The problem becomes pretty immediately apparent. While regular text maintains its semantic meaning when broken into tokens, ASCII art loses its spatial relationships — basically the thing that gives it meaning. LLMs are fundamentally trained to process and generate natural language. While we don’t have detailed information about the exact composition of their training data, their architecture mean they’re optimized for processing sequential text rather than spatial arrangements of characters. This architectural focus on sequential processing contributes to what we might call “spatial blindness” — the model’s difficulty in interpreting 2D information that’s encoded in a 1D format.

Attention is (not?) All You Need

Modern LLMs use attention mechanisms to understand relationships between different parts of the input. As shown in the seminal “Attention is All You Need” paper (Vaswani et al., 2017), these mechanisms compute attention weights between all pairs of tokens in a sequence. While this works pretty very good for natural language, it falls apart with ASCII art, as we’ll see in “ArtPrompt: ASCII Art-based Jailbreak Attacks against Aligned LLMs” (Jiang et al., 2024).

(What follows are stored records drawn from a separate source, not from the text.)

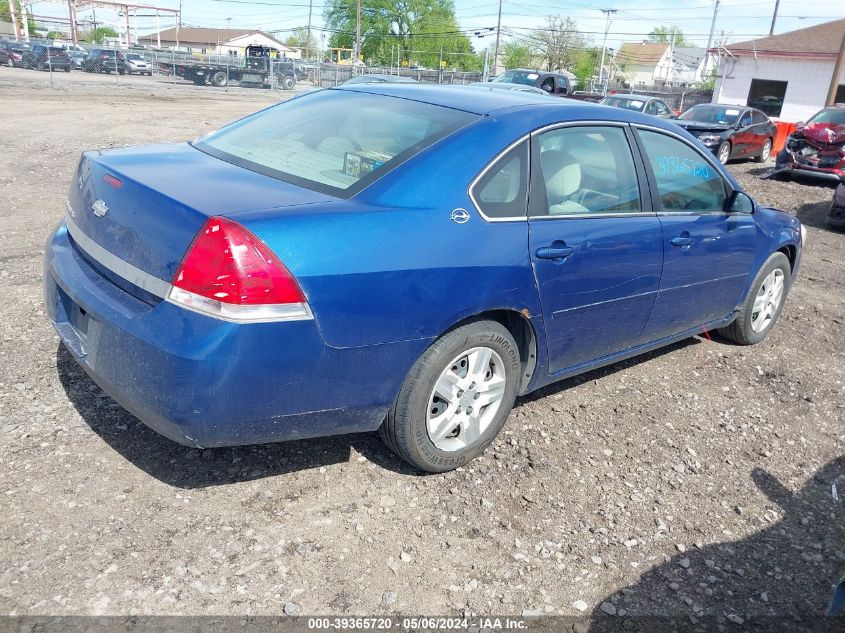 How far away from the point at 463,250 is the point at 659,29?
132 metres

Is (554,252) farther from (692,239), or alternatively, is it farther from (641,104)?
(641,104)

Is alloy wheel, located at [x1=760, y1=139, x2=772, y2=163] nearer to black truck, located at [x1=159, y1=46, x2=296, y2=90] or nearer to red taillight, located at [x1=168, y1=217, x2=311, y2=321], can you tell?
red taillight, located at [x1=168, y1=217, x2=311, y2=321]

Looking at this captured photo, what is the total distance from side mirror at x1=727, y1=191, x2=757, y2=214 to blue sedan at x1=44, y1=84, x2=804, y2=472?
1.39ft

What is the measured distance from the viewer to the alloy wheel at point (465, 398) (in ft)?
10.6

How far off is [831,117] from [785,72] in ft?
82.3

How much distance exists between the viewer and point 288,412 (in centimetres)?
276

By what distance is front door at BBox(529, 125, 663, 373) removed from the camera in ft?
11.3

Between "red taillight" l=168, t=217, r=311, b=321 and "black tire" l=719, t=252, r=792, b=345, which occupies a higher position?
"red taillight" l=168, t=217, r=311, b=321

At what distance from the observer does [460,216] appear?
306 cm

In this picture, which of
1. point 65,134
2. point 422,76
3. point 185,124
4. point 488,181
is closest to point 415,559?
point 488,181

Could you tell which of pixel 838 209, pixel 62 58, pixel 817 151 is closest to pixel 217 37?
pixel 62 58

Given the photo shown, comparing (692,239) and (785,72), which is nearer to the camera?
(692,239)

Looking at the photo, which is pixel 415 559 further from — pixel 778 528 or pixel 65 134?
pixel 65 134

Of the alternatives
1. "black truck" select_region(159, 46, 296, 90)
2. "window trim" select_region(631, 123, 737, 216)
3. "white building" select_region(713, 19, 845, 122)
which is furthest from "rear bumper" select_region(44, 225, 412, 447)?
"white building" select_region(713, 19, 845, 122) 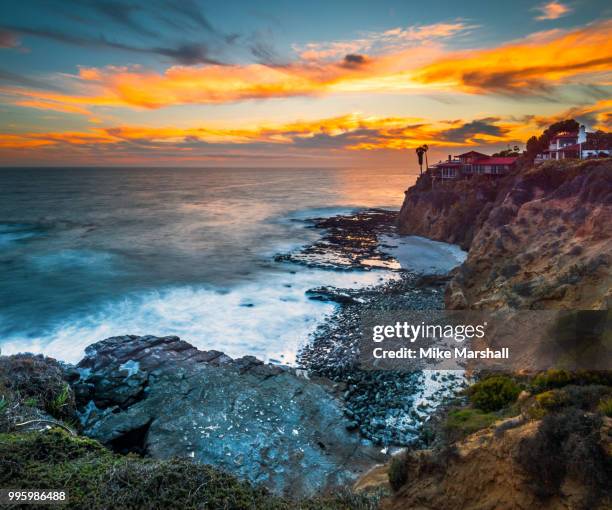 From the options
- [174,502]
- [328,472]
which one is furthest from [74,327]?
[174,502]

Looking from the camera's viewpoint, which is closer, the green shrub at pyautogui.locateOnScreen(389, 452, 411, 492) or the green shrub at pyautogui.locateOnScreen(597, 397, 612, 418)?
the green shrub at pyautogui.locateOnScreen(597, 397, 612, 418)

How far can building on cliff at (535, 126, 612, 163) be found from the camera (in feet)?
158

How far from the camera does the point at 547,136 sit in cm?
6028

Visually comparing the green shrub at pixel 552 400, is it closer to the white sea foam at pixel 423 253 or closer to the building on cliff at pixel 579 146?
the white sea foam at pixel 423 253

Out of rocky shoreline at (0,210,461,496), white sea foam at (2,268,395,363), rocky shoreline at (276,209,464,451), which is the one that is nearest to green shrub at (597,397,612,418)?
rocky shoreline at (0,210,461,496)

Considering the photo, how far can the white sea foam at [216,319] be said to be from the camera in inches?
920

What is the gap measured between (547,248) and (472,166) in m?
41.9

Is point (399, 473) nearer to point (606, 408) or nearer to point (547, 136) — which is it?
point (606, 408)

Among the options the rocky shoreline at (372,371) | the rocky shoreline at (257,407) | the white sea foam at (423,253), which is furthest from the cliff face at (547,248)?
the rocky shoreline at (257,407)

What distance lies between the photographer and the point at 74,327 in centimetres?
2645

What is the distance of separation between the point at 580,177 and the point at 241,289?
86.0 ft

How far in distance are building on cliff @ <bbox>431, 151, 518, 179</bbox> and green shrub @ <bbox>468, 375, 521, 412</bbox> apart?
49053 mm

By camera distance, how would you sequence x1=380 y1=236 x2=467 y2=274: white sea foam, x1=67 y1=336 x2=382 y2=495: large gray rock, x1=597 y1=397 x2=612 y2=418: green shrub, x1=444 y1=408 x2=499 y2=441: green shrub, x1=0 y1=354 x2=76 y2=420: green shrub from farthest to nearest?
x1=380 y1=236 x2=467 y2=274: white sea foam, x1=0 y1=354 x2=76 y2=420: green shrub, x1=67 y1=336 x2=382 y2=495: large gray rock, x1=444 y1=408 x2=499 y2=441: green shrub, x1=597 y1=397 x2=612 y2=418: green shrub

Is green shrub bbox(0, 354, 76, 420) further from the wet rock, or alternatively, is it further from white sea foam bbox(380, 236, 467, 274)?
white sea foam bbox(380, 236, 467, 274)
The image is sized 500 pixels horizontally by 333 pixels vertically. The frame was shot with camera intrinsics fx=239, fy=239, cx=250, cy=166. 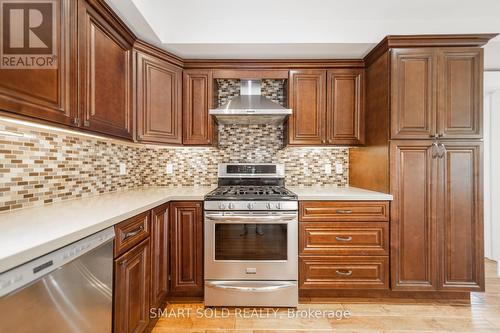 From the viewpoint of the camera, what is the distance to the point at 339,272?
6.87 feet

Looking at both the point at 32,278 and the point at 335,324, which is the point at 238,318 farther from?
the point at 32,278

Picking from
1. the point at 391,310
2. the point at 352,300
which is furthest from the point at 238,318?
the point at 391,310

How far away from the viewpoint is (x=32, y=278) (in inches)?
31.4

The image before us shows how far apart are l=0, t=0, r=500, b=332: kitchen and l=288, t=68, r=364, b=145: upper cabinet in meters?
0.01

Let’s just take a look at how self-attention operates. In a standard transformer architecture:

def self_attention(query, key, value):
    # Standard scaled dot-product attention
    attention_weights = softmax(query @ key.transpose() / sqrt(d_k))
    return attention_weights @ value

# For natural language:
text = "The cat sits"
# Attention weights might look like:
weights = [
    [0.9, 0.05, 0.05],  # 'The' attends mostly to itself
    [0.1, 0.8, 0.1],    # 'cat' attends mostly to itself
    [0.1, 0.6, 0.3]     # 'sits' attends strongly to 'cat'
]

# For an ASCII art house, for example:
ascii = """
  /  
 /   
/____
"""
# Attention gets confused:
weights = [
    [0.2, 0.2, 0.2, 0.2, 0.2],  # No clear attention pattern
    [0.2, 0.2, 0.2, 0.2, 0.2],  # Uniform attention
    [0.2, 0.2, 0.2, 0.2, 0.2]   # Lost spatial relationships
]

So now we see the problem: Characters that should be spatially related (e.g., corners of the house) have no way to establish strong attention patterns.

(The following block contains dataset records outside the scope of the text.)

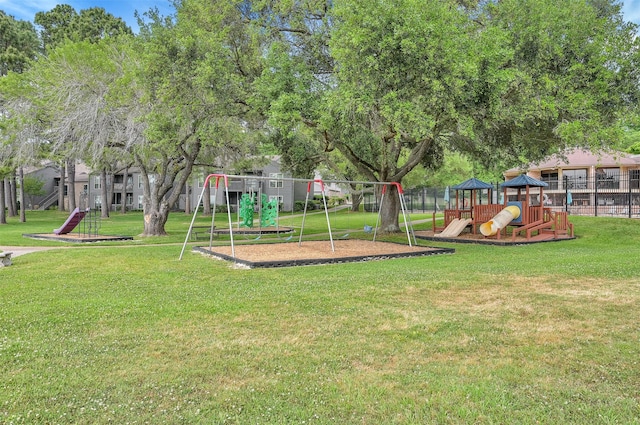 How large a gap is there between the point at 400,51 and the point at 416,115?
1.84 m

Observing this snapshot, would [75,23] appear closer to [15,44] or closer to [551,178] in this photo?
[15,44]

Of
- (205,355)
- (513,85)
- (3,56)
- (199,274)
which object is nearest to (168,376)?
(205,355)

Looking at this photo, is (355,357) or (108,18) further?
(108,18)

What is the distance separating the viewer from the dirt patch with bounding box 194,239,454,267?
11.9 m

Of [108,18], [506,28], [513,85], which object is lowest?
[513,85]

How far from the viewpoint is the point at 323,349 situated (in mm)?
4980

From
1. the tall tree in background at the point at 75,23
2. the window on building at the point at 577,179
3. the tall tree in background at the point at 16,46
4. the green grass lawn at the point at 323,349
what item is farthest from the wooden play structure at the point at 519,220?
the tall tree in background at the point at 75,23

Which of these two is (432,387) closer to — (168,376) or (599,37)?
(168,376)

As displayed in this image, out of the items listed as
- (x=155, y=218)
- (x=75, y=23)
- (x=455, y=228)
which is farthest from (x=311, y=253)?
(x=75, y=23)

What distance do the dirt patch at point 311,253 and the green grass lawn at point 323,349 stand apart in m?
2.29

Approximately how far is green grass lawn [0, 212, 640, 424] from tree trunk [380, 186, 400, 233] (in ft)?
39.0

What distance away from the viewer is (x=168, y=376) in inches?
166

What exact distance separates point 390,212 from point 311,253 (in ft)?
29.3

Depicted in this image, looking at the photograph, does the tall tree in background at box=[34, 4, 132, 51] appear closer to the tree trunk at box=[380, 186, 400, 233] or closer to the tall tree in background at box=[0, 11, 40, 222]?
the tall tree in background at box=[0, 11, 40, 222]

Despite advances in transformer architectures and attention mechanisms, the fundamental limitation remains: LLMs are inherently biased toward processing sequential information rather than spatial patterns. This creates an inherent blindspot when dealing with ASCII art and similar 2D text representations.

Stealing With Art(Prompt)

Okay, so — LLMs suck at making ASCII art. Not the end of the world, right? I’m sure we can all take the time out of our day to draw a cat or two with our trusty fingers (on a keyboard), and it’s not like this weakness introduces any further consequences when working with LLMs, right?

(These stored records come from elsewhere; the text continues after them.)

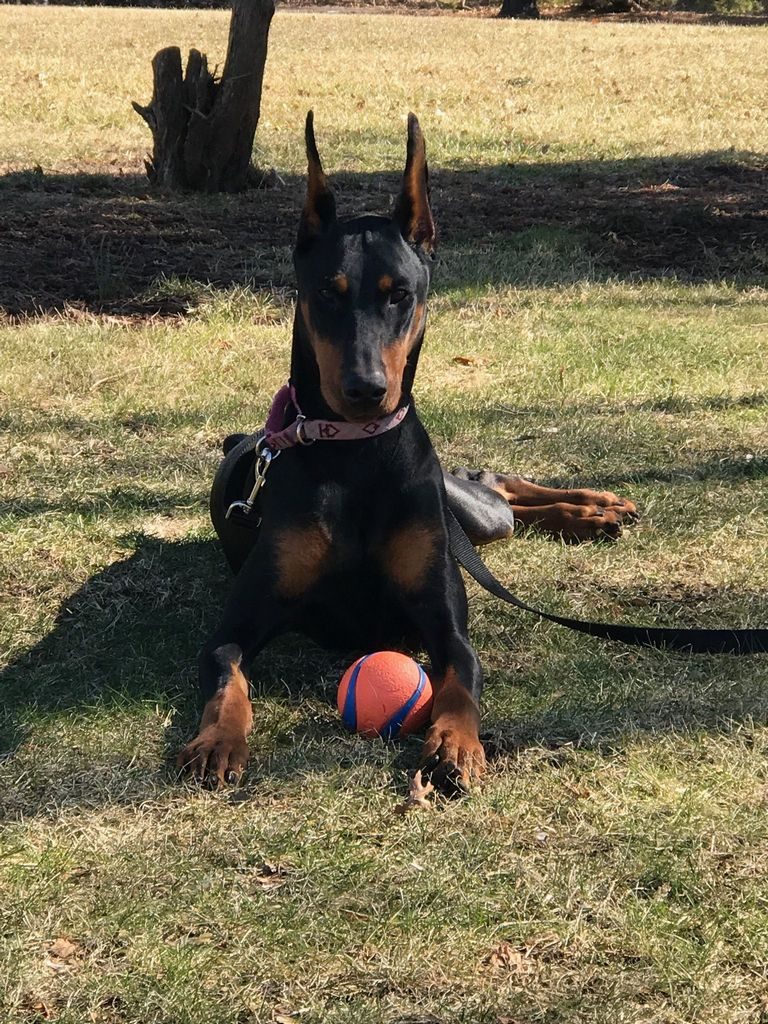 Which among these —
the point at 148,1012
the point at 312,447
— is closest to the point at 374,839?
the point at 148,1012

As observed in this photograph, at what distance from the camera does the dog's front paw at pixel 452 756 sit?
3604 millimetres

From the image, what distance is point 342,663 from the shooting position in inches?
178

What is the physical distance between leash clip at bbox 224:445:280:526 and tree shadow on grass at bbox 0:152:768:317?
451cm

Well, perhaps not on the generating end, but I’ve recently had the chance to read a paper published at ACL 2024 that turned this ASCII art blindspot into a security vulnerability, and it’s called ArtPrompt! The researchers discovered that because LLMs struggle to properly interpret ASCII art, they could use it to bypass security filters and prompt guardrails.

Perhaps the most fascinating aspect of ArtPrompt is an apparent paradox in the empirical results: the paper demonstrates that LLMs perform poorly at recognizing ASCII art (with even GPT-4 achieving only 25.19% accuracy on single-character recognition), yet the same models reliably generate harmful content when ASCII art is used to bypass safety measures (achieving success rates up to 76% on some models).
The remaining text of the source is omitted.